Filosofi Gazebo, Historisitas Lahirnya Majalah Gazebo

Kalau anda memasuki kampus STAIS Kutim (kampus lama di jalan APT Pranoto) melalui pintu gerbang sebelah kiri, lurus terus hingga berhenti tepat di depan gedung perpustakaan, maka di depan gedung perpustakaan itu anda dapat melihat dengan jelas dua buah bangunan kayu berukuran 5 X 5 meter yang berdiri megah di atas sebuah kolam seluas 15 X 15 m2. Kolam buatan itu sendiri memiliki pertalian sejarah yang sangat erat dengan dua buah bangunan kayu yang kini akrab disebut “Gazebo” itu. Sebelum mengurai lebih jauh tentang historisitas dan filosofi Gazebo yang kini kita adopsi sebagai nama majalah mahasiswa STAIS Kutai Timur itu, saya kira perlu untuk sedikit menyingkap sejarah pembuatan kolam tersebut.

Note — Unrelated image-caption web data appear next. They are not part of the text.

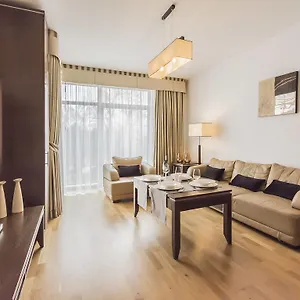 https://vacationclub-diune-apartment-24.kolobrzeghotels.com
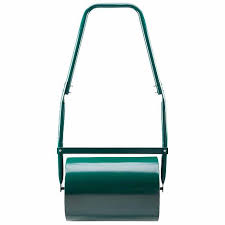 Great savings & free delivery / collection on many items. Garden Gear Water Filled Lawn Roller Thompson Morgan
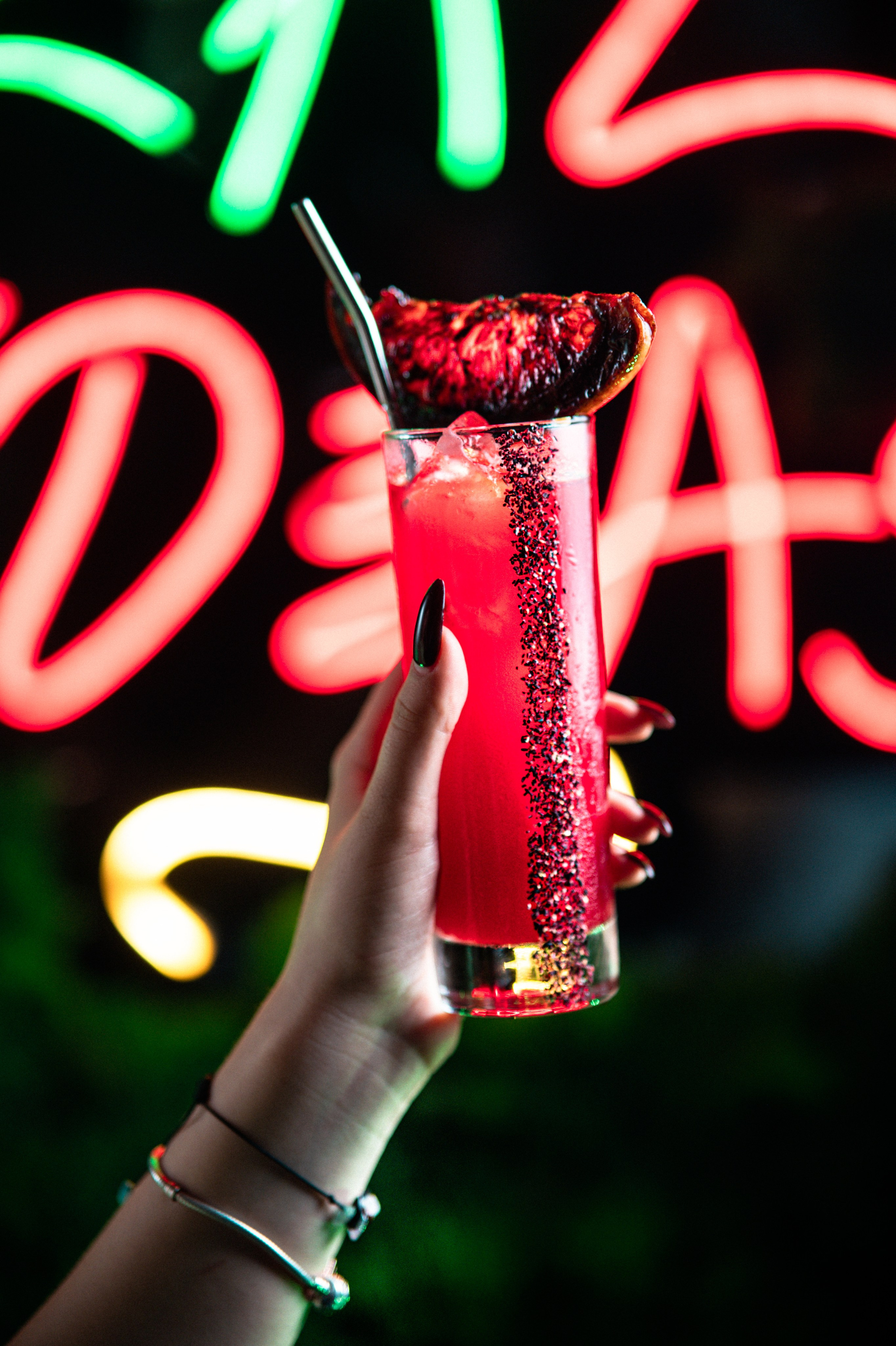 Фуд и Предметка. Behrusson — видеограф и фотограф в Москве. Кадр — это решение, не случайность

Munculnya ide pembuatan kolam di atas sebidang lahan yang dulunya berupa rawa-rawa itu sebenarnya didasari oleh keinginan dari pihak kampus untuk “memperluas” ruang baca perpustakaan STAIS Kutim yang sempit dan kurang representatif untuk digunakan sebagai ruang baca para mahasiswa. Adalah Ibunda Profesor Siti Muri’ah, Ketua STAIS Kutim berkeinginan mencarikan alternatif ruang baca perpustakaan yang sempit tersebut, melalui beberapa dosen-dosennya seperti Pak Tatok (Mustatho’, M.Pd.I), Pak Sur (Surono, MSI), dan Pak Agus (Agus Sulisyanto, S.Pd.I), serta beberapa dosen yang lain Ibunda Profesor menyampaikan ide pembuatan kolam tepat di depan gedung perpustakaan yang kelak akan didirikan dua buah bangunan kayu yang akan difungsikan sebagai sarana ruang baca alternatif perpustakaan.

Selanjutnya pada tahun kedua berdirinya STAIS Kutai Timuritu (2008) dimulailah proses pembukaan lahan untuk membuat kolam yang dikomandani oleh Pak Sur (Surono, MSI) bersama Pak Tatok (Mustathok, M.Pd.I), Pak Andy (Edy Purnomo, SE) dan para mahasiswa sebut saja Abdul Gofar, Dedi Arman, Khoirul Faizin, Ahmad Sodiqin, Abdul Basit, Andi Muhammad Fauzan Razak, Abdul Gani, Wahyu Wintala, M. Akhyar, Mukhtar (kesemuanya sudah alumni) serta beberapa orang mahasiswa lainnya. Tak ketinggalan pula para mahasiswinya juga turut serta seperti Bu Nung (Nurshiam), Nunul (Khusnul Khotimah), Fatimah Ainah, Ika Wahyuni dan lain-lain melibatkan diri untuk menghidangkan masakan lezatnya. Dalam kurun waktu kurang lebih satu bulan selesailah pengerjaan pembuatan kolam tersebut, di mana oleh para “pekerja”-nya kolam tersebut dinamakan “Kolam Perjuangan”.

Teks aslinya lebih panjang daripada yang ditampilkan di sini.